Le vieux ouvrit difficilement ses paupières et sourit, un appel pour venir le rejoindre. La fillette alla se blottir contre son père. La seconde d'après, ses yeux étaient clos et elle ronflait.

John observa le bateau un moment. Il était malmené par de petites vagues. La voile n'était pas assez imposante. S'il y avait un équipage, on l'entendrait hurler, se dit-il.

En l'espace d'un instant, une bourrasque de vent, à peine plus forte qu'une exhalaison humaine, souffla sur l'esquif. Il se pencha, trop, se renversa et coula. Disparu. Aussi vite que ça. Mais pas de la mémoire de John qui serra les dents. Un gémissement s'échappa de lui, et ses ondes sonores sortirent pour aller se perdre dans le tumulte de la pluie.
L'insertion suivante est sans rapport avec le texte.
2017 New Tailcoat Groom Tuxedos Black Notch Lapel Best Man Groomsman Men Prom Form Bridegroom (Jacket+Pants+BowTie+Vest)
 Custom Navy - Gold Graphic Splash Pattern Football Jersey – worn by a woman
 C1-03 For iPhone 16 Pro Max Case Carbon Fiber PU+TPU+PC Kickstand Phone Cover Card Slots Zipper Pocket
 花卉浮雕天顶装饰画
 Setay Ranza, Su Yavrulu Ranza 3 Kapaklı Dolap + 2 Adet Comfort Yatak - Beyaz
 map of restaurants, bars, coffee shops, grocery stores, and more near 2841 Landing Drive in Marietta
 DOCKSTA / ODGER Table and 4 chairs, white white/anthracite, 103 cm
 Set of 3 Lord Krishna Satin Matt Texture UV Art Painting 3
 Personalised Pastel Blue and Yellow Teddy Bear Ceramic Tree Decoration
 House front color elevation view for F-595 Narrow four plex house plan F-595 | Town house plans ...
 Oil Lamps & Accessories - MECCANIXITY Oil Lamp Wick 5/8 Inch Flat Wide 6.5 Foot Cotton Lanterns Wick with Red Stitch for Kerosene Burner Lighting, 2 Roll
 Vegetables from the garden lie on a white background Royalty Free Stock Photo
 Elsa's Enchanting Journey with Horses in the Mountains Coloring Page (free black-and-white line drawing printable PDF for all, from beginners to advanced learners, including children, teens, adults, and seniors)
La nuit liquide s'étira, tel un liquide s'étale sur une table jusqu'à la recouvrir totalement.

***

— Papa, il y a de l'eau.

— Gnn… Hein ?

— Partout, et mon bateau n'est plus là.

Quand il ouvrit les yeux, la misère commençait : l'abri se transformait en lac, déjà inondé par une dizaine de centimètres de flotte. John regarda sa fille : elle faisait la moue et ses yeux s'imbibaient. Il fallait arrêter ça tout de suite. Si Camélia pleurait, il ne resterait plus rien, plus de joie, plus d'espoir.

— Pu… naise. Punaise !

John devait trouver une solution, et en vitesse. Il faut être un homme, là, pas une victime, se dit-il. Hargneux, presque écumant, il défia la pluie du regard. Alors un souvenir lui revint. Il se tourna vers sa fille.

— Hey, Camélia. Tu te rappelles, quand tu dansais sous la pluie dans la cour, et que je te disais de rentrer ?

— Quand tu disais que j'allais tomber malade ?

— C'est ça. Ça te dis qu'on y aille tous les deux ? Danser un peu ?

— Ouiii, fit elle en applaudissant, et passa le revers de sa main sur ses yeux.

Son père posa un genou dans l'eau et tendit sa main.

— Princesse, m'accorderiez-vous cette danse ?

Et elle attrapa la main.

Ils sortirent riants, de ce qui aurait pu devenir leur tombeau.

Le tonnerre grondait mais père et fille s'en fichaient. Ils tournaient de joie dans l'eau qui descendait violemment la rue. Le père porta sa fille comme un frêle sac à dos vivant. Ils marchaient vers un temps plus beau, sur les pas des trois autres qui les avaient quittés trois jours plus tôt.

— Papa, mon rêve s'est réalisé !

— Ah bon ? C'est quoi ?

— Quand je dormais, j'ai rêvé qu'on était tous les deux coincés dans une machine à laver.

Il était difficile de se retenir d'éclater de rire, et John explosa. Mais Camélia continua :

— Mais on va où en fait, papa ?

— On va bientôt rejoindre maman. Ça te dit ?

— Et comment !

Et comment ?

Le père sourit.

Dans le déluge, et acceptant l'impuissance de l'homme face à la nature déchaînée, le père, aussi puissamment qu'un homme peut espérer, demanda à Dieu que sa fille de cinq ans meurt avant lui.